Okay sir will update you after my attempt to answer this question

5. Michele_Laino

ok!

6. anonymous

$z=e^{xy^2},\ x=t \cos t, \ y=t \sin t\\ since\ \frac{ dx }{ dt }= -t \sin t+\cos t\\ and\ \frac{ dy }{dt }=t \cos t+\sin t\\ find \ \frac{ dz }{ dt }=$

7. anonymous

$\frac{ 1 }{4 }(t^4\sin^2(2t))$ Apply product rule? $\frac{1}{4}\left(\frac{d}{dt}\left(t^4\right)\sin ^2\left(2t\right)+\frac{d}{dt}\left(\sin ^2\left(2t\right)\right)t^4\right)$ Am I doing it right?

8. anonymous

I think I'm not doing it right.
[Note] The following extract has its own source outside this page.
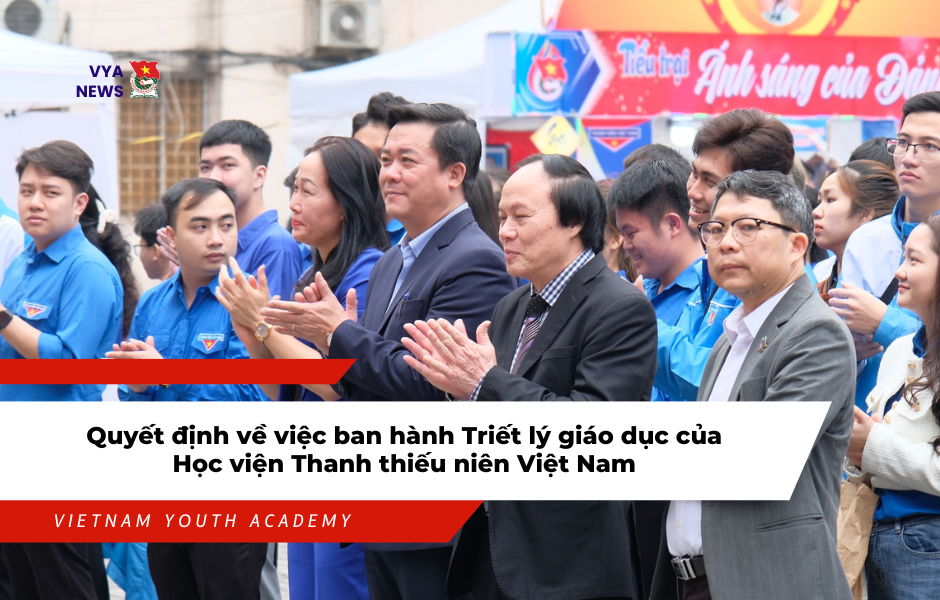 Quyết định về việc ban hành Triết lý giáo dục của Học viện Thanh thiếu niên Việt Nam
I'm kind of lost right now. Sorryyy

9. anonymous

Help anyone?

10. Loser66

They give you x = t cost is it not that if you find dx/dt, you just take derivative of this?? Apply product rule, you get $$\dfrac{dx}{dt}= \dfrac{d}{dt}(t)*cost +t*\dfrac{d}{dt}(cos t)= cos t-tsint$$

11. Loser66

and then for t = pi/2 , it is = -pi/2?? I don't know why @Michele_Laino mess around with z while the question is just dx/dt

12. phi

is the question really compute dx / dt for t = pi / 2 ? it would make more sense if they were asking for dz/dt

13. Loser66

I don't know.

14. anonymous

It is dz/dt my bad!!! I'll change it now. Sorrrrry

15. anonymous

^ I thought that is a product rule sir or what? Sorry for my ignorance I'm kinda new in differential calc

16. anonymous

I'm afraid I'm hard finding it. I thought my product rule answer is going in the right way, I'm sorry I just got lost from there.

17. anonymous

Oh okay. I got it from there! I understand why hmm so what's next about it?

18. phi

Here is background (if you have time) on the chain rule http://ocw.mit.edu/courses/mathematics/18-02-multivariable-calculus-fall-2007/video-lectures/lecture-11-chain-rule/